In 1894 the U.S. Congress passed the Utah Enabling Act. Act Cong. July 16, 1894, ch. 138, 28
Stat. 107. The Act declared that as a condition of Utah's acceptance into the Union, the people
of Utah "agree[d] that they forever disclaim[ed] all right and title to the unappropriated public
lands lying within the boundaries thereof; and to all lands lying within said limits owned or
held by any Indian or Indian tribes; and that until the title thereto shall have been extinguished
by the United States, the same shall be and remain subject to the disposition of the United
States . . ." Id. at § 3. At this time, Utah also adopted the U.S. Constitution as a condition to
joining the Union. Id.

Two clauses in the U.S. Constitution empower the federal government to own and retain land.
The first, the Enclave Clause, authorizes the federal government to "purchas[e] by the Consent
of the Legislature of the State" land for specific and enumerated purposes like military
structures "and other needful Buildings." U.S. Const. art. I, sec. 8, cl. 17. This bill would not
affect lands acquired by the federal government in accordance with the Enclave Clause.

The second, the "Property Clause," authorizes Congress "to dispose of and make all needful


Rules and Regulations respecting the Territory or other Property belonging to the United States
. . ." U.S. Const. art. IV, sec. 3, cl. 2. Unlike the Enclave Clause, the Property Clause does not
require that the federal government receive a state legislature's consent to own land. The U.S.
Supreme Court has held that "Congress has the same power over [territory] as over any other
property belonging to the United States; and this power is vested in Congress without
limitation . . ." United States v. Gratiot, 39 U.S. 526, 537 (1840). See also Kleppe v. New
Mexico
, 426 U.S. 529, 539 (1976). Pursuant to its broad authority under the Property Clause,
Congress may enact legislation to manage or sell federal land, and any legislation Congress
enacts "necessarily overrides conflicting state laws under the Supremacy Clause." Kleppe, 426
U.S. at 543. See U.S. Const. art. VI, cl. 2.

Parties contesting federal control or ownership of public lands under the Property Clause have
argued that the equal footing doctrine requires Congress' recognition of a state's sovereignty
over public lands. "The equal footing doctrine is grounded in the idea that new states enter the
Union with the same rights as the original states." Koch v. United States, DOI, Interior Bd. of
Land Appeals, BLM
, 47 F.3d 1015, 1018 (10th Cir. 1995) (citations omitted). The courts,
however, have limited the equal footing doctrine to apply only to the title of land underlying
navigable waters: "The equal footing doctrine simply does not cause land in non-navigable
waters to pass from the federal government to the state." Id. at 1019. See also Texas v.
Louisiana
,
410 U.S. 702, 713 (1973). Furthermore, the equal footing doctrine requires
political, not economic or geographic, equality between the states. United States v. Texas, 339
U.S. 707, 716 (1950). See also Texas v. Louisiana, 410 U.S. at 713.
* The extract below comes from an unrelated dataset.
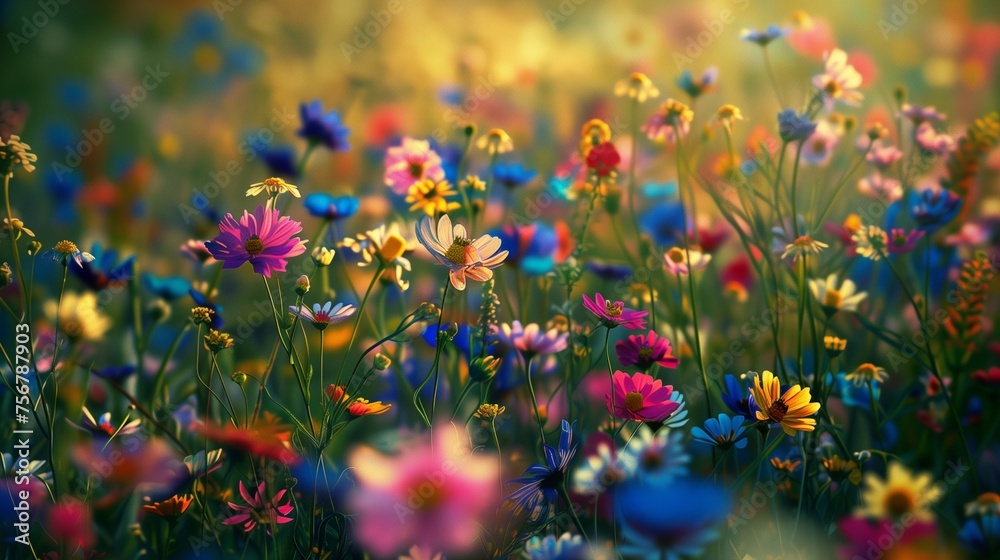 A kaleidoscope of colors in a field of wildflowers, forming a vibrant tapestry of nature's expression.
Based on the courts' previous application of the Property Clause, there is a high probability that
a court would hold that the federal government is the sovereign of public lands surrendered to
or withheld by the federal government at the time of Utah's acceptance into the Union. See
generally United States v. Nye County
, 920 F. Supp. 1108, 1109 (D. Nev. 1996); Gibson v.
Chouteau
, 80 U.S. 92 (1872). In short, the state has no standing as sovereign to exercise
eminent domain or assert any other state law that is contrary to federal law on land or property
that the federal government holds under the Property Clause.